O novo presidente do Supremo Tribunal Federal, ministro Luis Fux, tem tomado decisões tão polêmicas quanto irrefutáveis, conseguindo recolocar a imagem do STF junto à opinião pública em bons termos, sem exceder seus poderes institucionais. Amanhã, ele levará a plenário o Habeas Corpus concedido pelo ministro Marco Aurélio Mello ao traficante André do Rap, que ele anulou levando em conta a periculosidade do preso.
Quando propôs retornar ao plenário as ações penais que estavam sendo julgadas pelas Turmas, feriu suscetibilidades, retirou poderes, mas teve a aprovação unânime do colegiado porque baseou a decisão em fatos – a redução das ações em tramitação -, não em política. Embora a conseqüência da mudança tenha sido retirar da Segunda Turma o poder político de impor a visão não necessariamente majoritária de ministros ditos “garantistas”, que seriam reforçados pela nomeação por Bolsonaro do desembargador Kassio Marques para a vaga aberta com a aposentadoria de Celso de Mello.

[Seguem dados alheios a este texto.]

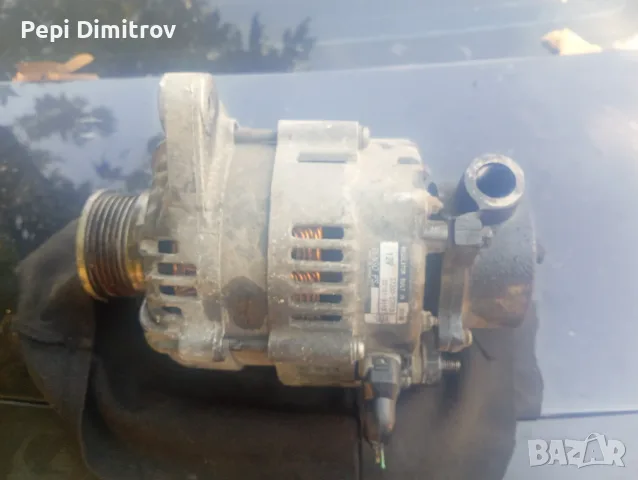 Алтернатор 37300-27013 за HYUNDAI SANTA FÉ II (CM) 2.2 CRDi 4x4 (2008 ), снимка 4 - Части - 56157591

Na nova polêmica, Fux anulou um Habeas Corpus do ministro Marco Aurélio Mello que soltou o traficante André do Rap, um dos chefes da maior organização criminosa em atuação no país. Nada evidencia com mais rigor a grotesca situação jurídica em que nos metemos do que o pedido de outro traficante, Gilcimar de Abreu, o Poocker, para que o ministro do Marco Aurélio estendesse também a ele a decisão de soltar seu comparsa André do Rap, pois alega que sua prisão preventiva já estourou o prazo de 90 dias para uma confirmação pelo juiz que o condenou.
Pooker e André do Rap eram companheiros no tráfico internacional de drogas, enviando cocaína para a Europa através do Porto de Santos. Pooker está preso em Mirandópolis, André do Rap partiu, a bordo de um jato particular, para outros ares, possivelmente paraguaios. Nada mais previsível do que isso.
Ao usar o novo artigo 316 do Código de Processo Penal, o ministro Marco Aurélio foi tecnicamente correto, mas não levou em conta outros requisitos para a manutenção da prisão preventiva, como a periculosidade do preso e sua ameaça à segurança pública.
Levar em conta a textualidade da lei, sem atentar para outros fatores, é o que distancia “garantistas” como Marco Aurélio de “consequencialistas” como Fux. Há diversas interpretações de tribunais superiores, no Superior Tribunal de Justiça (STJ), e inclusive o STF, que consideram desnecessária a confirmação das razões para a prisão preventiva quando o réu, como o traficante André do Rap, já tiver sido condenado em primeira e em segunda instâncias.
Caso ainda estivesse em vigor a prisão em segunda instância, o traficante estaria na prisão cumprindo sua pena. No caso em discussão, tanto o Ministério Público Federal (MPF) quanto o Tribunal Regional Federal da 3ª Região (TRF-3) já haviam justificado a necessidade de manutenção da prisão de André do Rap. O HC encaminhado ao ministro Marco Aurélio veio como recurso daquelas decisões.
O que o ministro Marco Aurélio chamou de “autofagia”, o fato de um ministro contrariar a decisão de outro ministro, pode ser visto como a defesa do compadrio, o que tem levado o Supremo Tribunal Federal a perder, diante da opinião pública, a aura de defensor da Constituição. Mais uma vez, porém, o ministro Fux deve ter confirmada sua posição, mesmo que tenha desagradado outros “garantistas” dentro da Corte.
Ele vai levar ao plenário o julgamento sobre o Habeas Corpus de Marco Aurélio e, mesmo que os debates sejam acalorados e até ataques retóricos sejam feitos, é improvável que a maioria do plenário sustente a soltura de um traficante perigoso que se encontra foragido depois de ser agraciado com uma interpretação literal da lei que prejudicou a sociedade.